[diafygi]

Yes! It looks like someone inserted a broken subkey with an invalid signature into the keyserver. If your software didn't validate subkey signatures, you could very well think that a package was signed by HPA. Alternatively, it could be that someone was just fucking around and uploaded a subkey with invalid signature for the lolz.

Here's a json export of the packets: https://gist.github.com/anonymous/ba23ca66d2ca249e6f84

Here's the factored subkey: https://gist.github.com/anonymous/ba23ca66d2ca249e6f84#file-...

Here's the factored subkey's bad signature: https://gist.github.com/anonymous/ba23ca66d2ca249e6f84#file-...

EDIT: It's the EXACT SAME subkey self-signature packet as HPA's real subkey self-signature packet!
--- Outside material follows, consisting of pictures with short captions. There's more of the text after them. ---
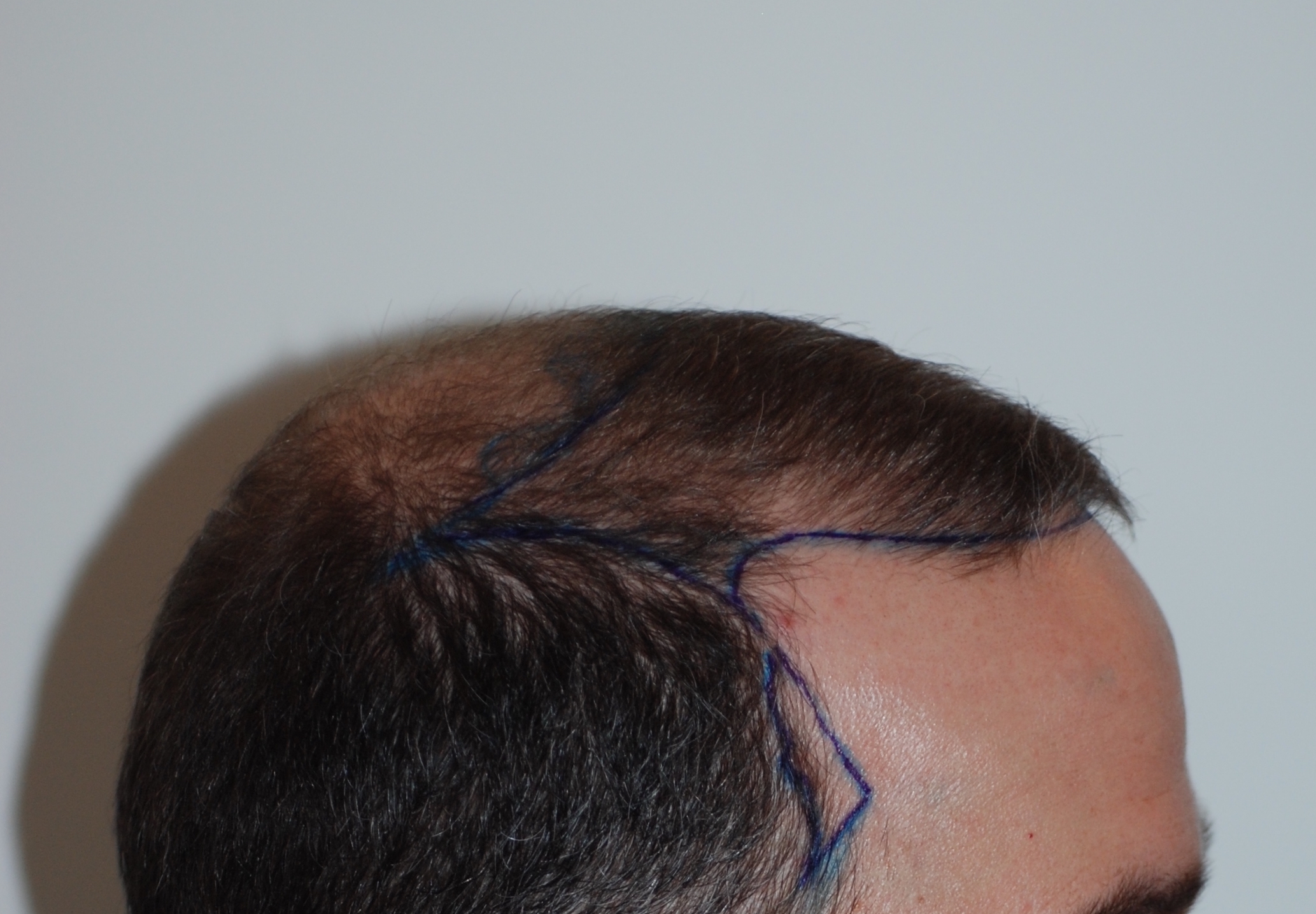 /foren/transplant/index.php?t=getfile&id=40960&private=0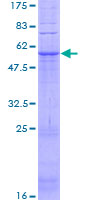 SDS-PAGE - Recombinant Human GPCR GPR31 protein (GST tag N-Terminus) (AB158567)
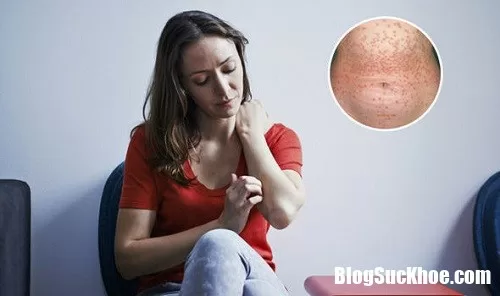 Những tình trạng liên quan tới căn bệnh vẩy nến bạn nên biết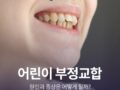 어린이 부정교합 원인과 증상은?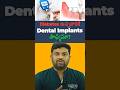 డయాబెటిస్ ఉన్నవారికి డెంటల్ ఇంప్లాంట్స్ చేయించుకోవచ్చా? Safe or Risky? || Eledent Dental Hospitals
Someone (by malice or mistake) manually added a subkey to HPA's public key and copied the signature from the other subkey directly onto the new subkey.

These are the same:

Bad subkey self-signature: https://gist.github.com/anonymous/ba23ca66d2ca249e6f84#file-...

Good subkey self-signature: https://gist.github.com/anonymous/ba23ca66d2ca249e6f84#file-...

[agwa]

That JSON export is cool - how did you generate it?

[diafygi]

One of my side projects: https://github.com/diafygi/openpgp-python

Not fully functional yet, but was able to convert this public key to json. I manually removed the non-self signature packets for the gist.